Investigating Data in Memcached

Category: Databases, Systemsjgoulah @ 9:58 PM

Intro

Almost every company I can think of uses Memcached at some layer of their stack, however I haven’t until recently found a great way to take a snapshot of the keys in memory and their associated metadata such as expire time, LRU time, the value size and whether its been expired or flushed. The tool to do this is called peep

Installing Peep

The main thing about installing peep is that you have to compile memcached with debugging symbols. Not really a big deal though. First thing you’ll want to do is install libevent

$ wget http://monkey.org/~provos/libevent-1.4.11-stable.tar.gz
$ tar xzvf libevent-1.4.11-stable.tar.gz
$ cd libevent-1.4.11-stable
$ ./configure
$ make
$ sudo make install

Now grab memcached

$ wget http://memcached.googlecode.com/files/memcached-1.2.8.tar.gz
$ tar xzvf memcached-1.2.8.tar.gz
$ cd memcached-1.2.8
$ CFLAGS='-g' ./configure --enable-threads
$ make
$ sudo make install

Note the configure line on this one sets the -g flag which enables debug symbols. Now move this directory somewhere standard like /usr/local/src because we’ll need to reference it when installing peep

$ sudo mv memcached-1.2.8 /usr/local/src

Ok, now for peep, which is written in ruby. If you don’t have rubygems you need that and the ruby headers. Just use your package management system for this. I happened to be on a CentOS box so I ran

$ sudo yum install rubygems.noarch
$ sudo yum install ruby-devel.i386

Finally you can install peep

$ sudo gem install peep -- --with-memcached-include=/usr/local/bin/memcached-1.2.8

Using Peep

Finally you can actually use this thing, you just give it the running memcached process pid

$ sudo peep --pretty `cat /var/run/memcached/memcached.pid`

Here’s a snippet of what peep can show us in its “pretty” mode

      time |   exptime |  nbytes | nsuffix | it_f | clsid | nkey |                           key | exprd | flushd
       485 |       785 |   17925 |      10 | link |    25 |   64 |  "post.ordered-posts1-03afdb" |  true |  false
       537 |       721 |   16991 |      10 | link |    24 |   63 |  "post.ordered-posts1-03bd6"  |  true |  false
       240 |      3684 |     434 |       8 | link |     9 |   22 |  "channel.channel.105.v1"     | false |  false
       241 |      3687 |   27286 |      10 | link |    27 |   55 |  "post.post_count-fec35129"   | false |  false
       538 |      4022 |    3223 |       9 | link |    17 |   55 |  "post.post_count-2ff57a7"    | false |  false
       538 |      4024 |   17169 |      10 | link |    25 |   55 |  "post.post_count-2ba928998d" | false |  false
       241 |      3686 |   10763 |      10 | link |    22 |   55 |  "post.post_count-3879a24011" | false |  false
        25 |       320 |    8874 |       9 | link |    22 |   22 |  "channel.posterframes.4"     |  true |  false

Putting the Data Into MySQL

The above is not the easiest thing to analyze, especially if you have a lot of data in cache. But we can easily load it in to MySQL so that we can run queries on it.

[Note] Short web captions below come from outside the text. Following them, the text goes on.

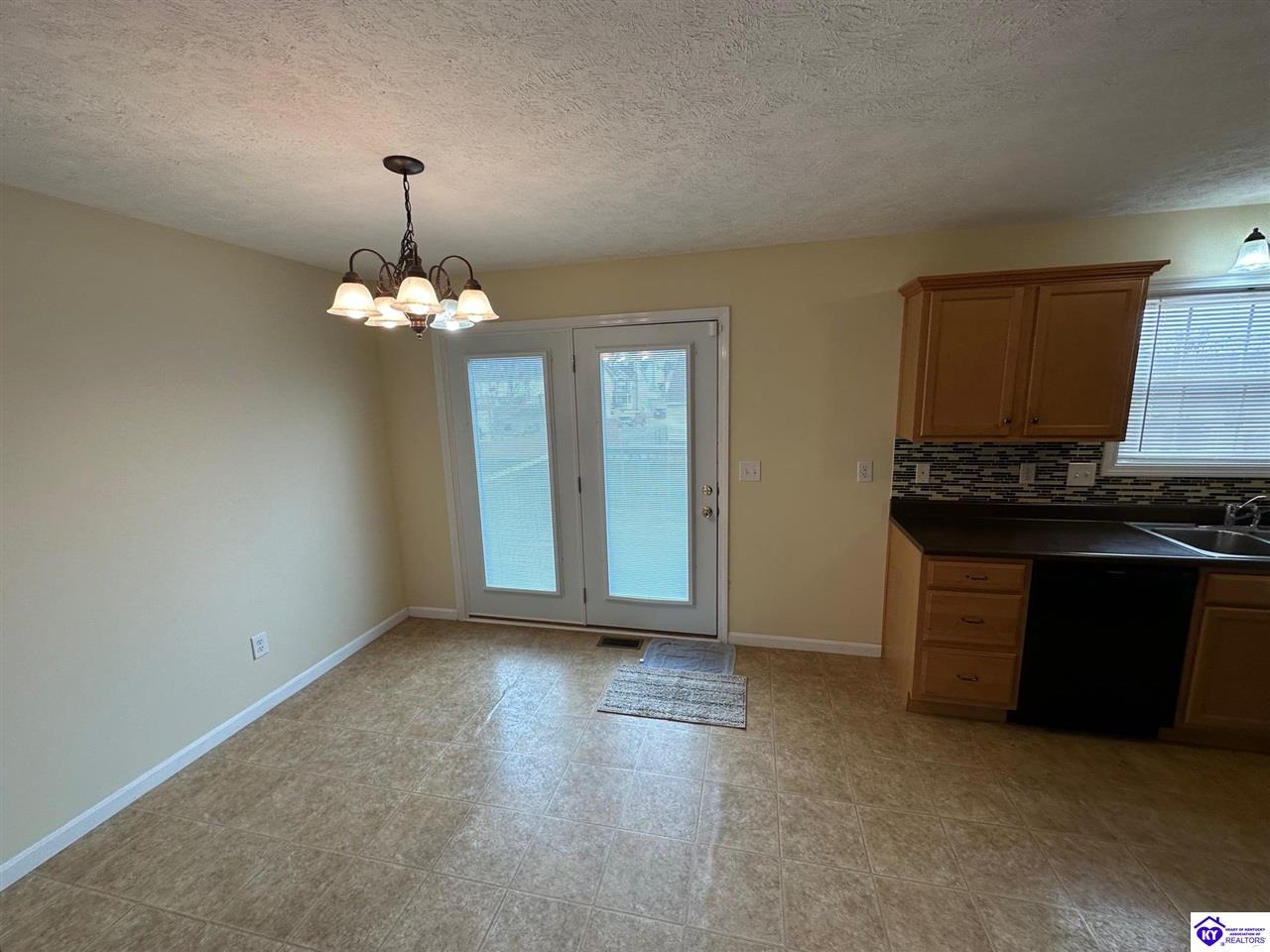 Listing Picture 132 Longsdale Court Radcliff, KY 40160 MLS HK25000377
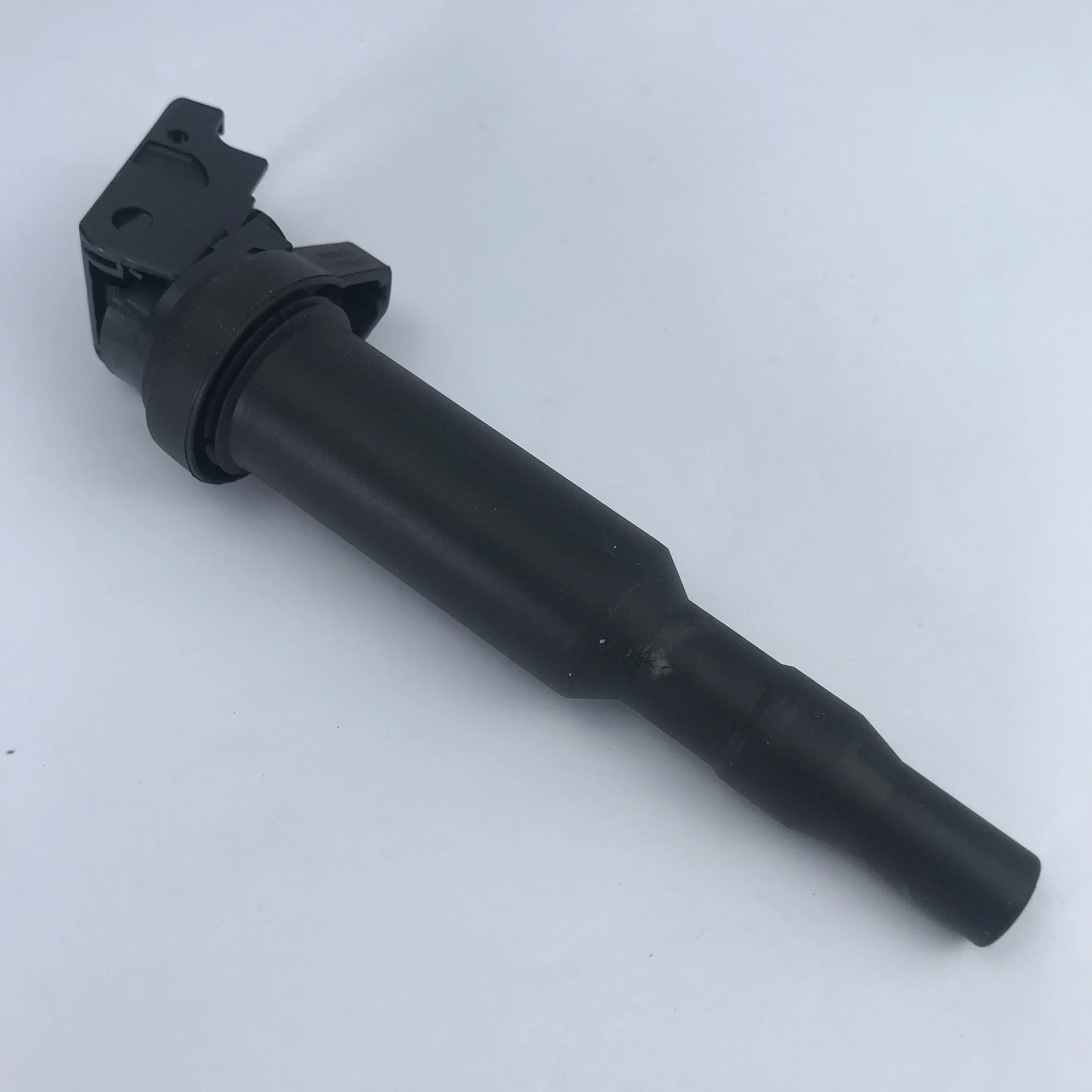 قسط 12137594937   ملف الإشعال - مثالي لسيارات BMW 1-7 Series مثل 125I، 325XI، 535I، 740I و645CI GT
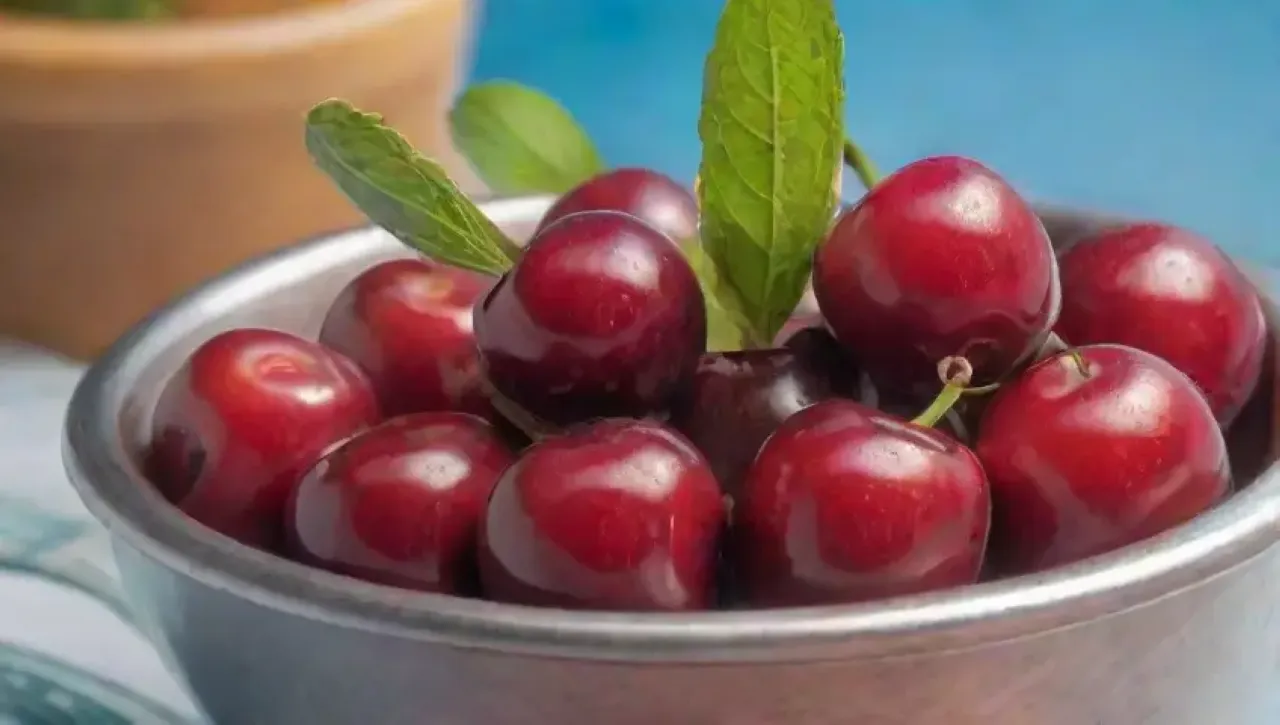Cerezas rojas brillantes en un tazón de madera, preparan un batido saludable en una cocina rústica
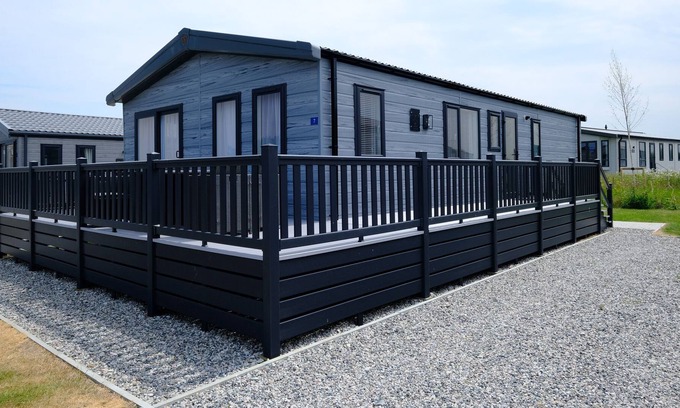 Treator Cabin | ST PETROCS 7, family friendly, luxury holiday cottage in Padstow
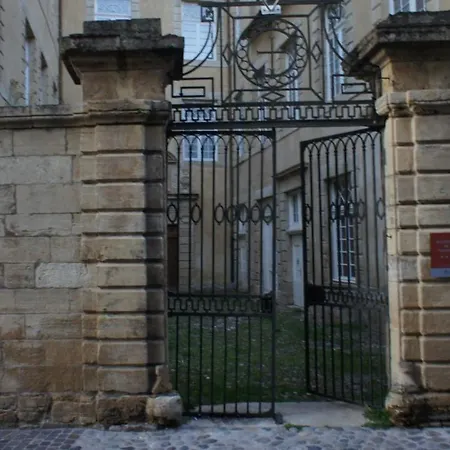 Chateau Ricard * Сен-Женье-д'Оль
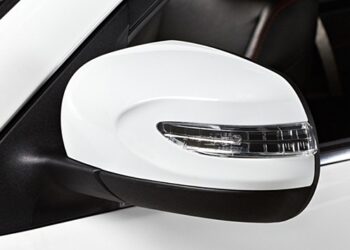 В РФ привезли электро лифтбек Zeekr 001 за 6 млн рублей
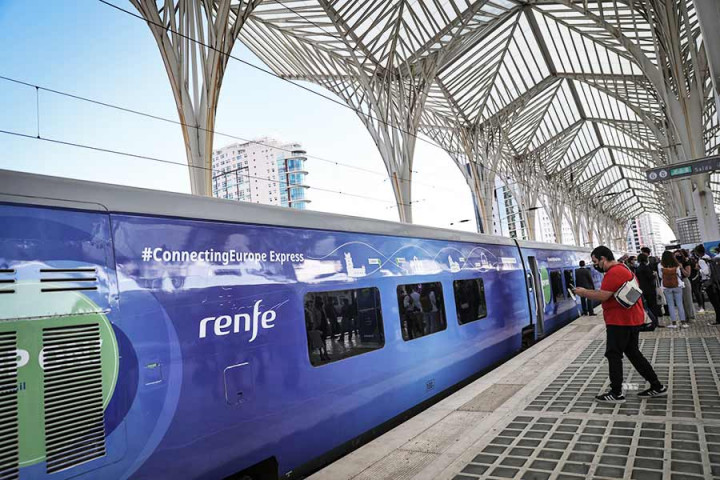 Comboio europeu chegou a Paris, muitas peripécias depois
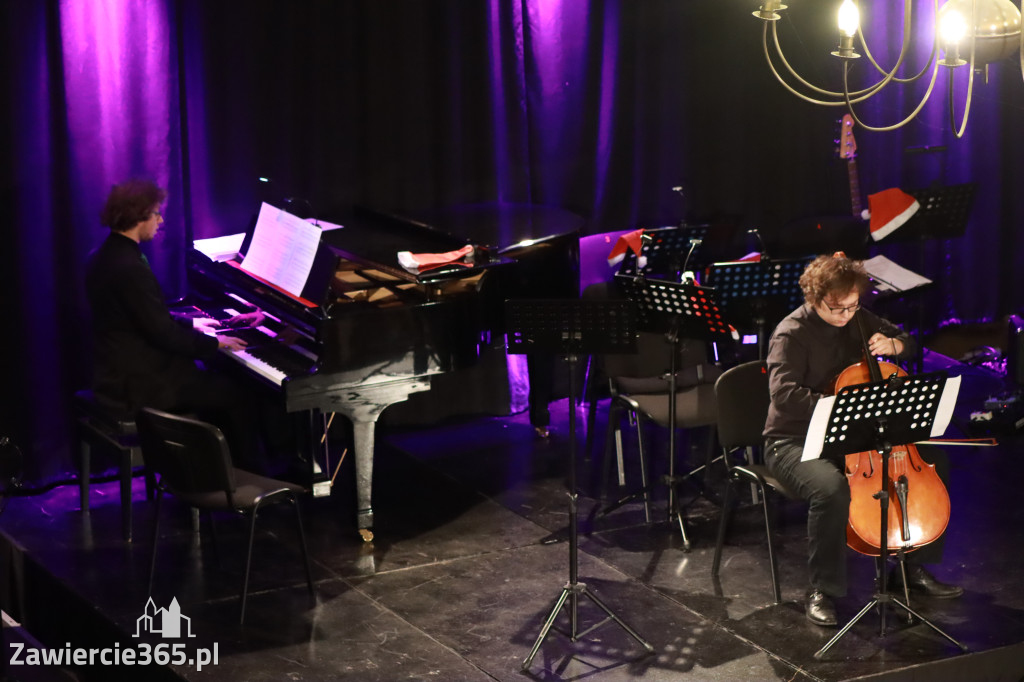 Fotorelacja: Koncert Filharmonia Jurajska  Świąteczne Opowieści.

First create the db and permissions

mysql> create database peep;
mysql> grant all on peep.* to peep@'localhost' identified by 'peep4u';

Then a table to store the output of the peep snapshot

mysql> CREATE TABLE `entries` (
  `lru_time` int(11) DEFAULT NULL,
  `expires_at_time` int(11) DEFAULT NULL,
  `value_size` int(11) DEFAULT NULL,
  `suffix_size` int(11) DEFAULT NULL,
  `it_flag` varchar(255) DEFAULT NULL,
  `class_id` int(11) DEFAULT NULL,
  `key_size` int(11) DEFAULT NULL,
  `key_name` varchar(255) DEFAULT NULL,
  `is_expired` varchar(255) DEFAULT NULL,
  `is_flushed` varchar(255) DEFAULT NULL
) ENGINE=InnoDB DEFAULT CHARSET=utf8;

Now run peep and output the data in “ugly” format into a file

$ sudo peep --ugly `cat /var/run/memcached/memcached.pid` > peep.out

And now you can load it into your entries table

mysql> load data local infile '/tmp/peep.out' into table entries fields terminated by ' | ' lines terminated by '\n';
Query OK, 177 rows affected (0.01 sec)
Records: 177  Deleted: 0  Skipped: 0  Warnings: 0

I’m only loading a small dev install of memcahed but if you are running this on production you’d be importing many more rows. Luckily load data infile is sufficiently optimized to input large datasets. Somewhat unfortunately however, peep makes memcached block while its taking its snapshot, which can take a bit of time in production.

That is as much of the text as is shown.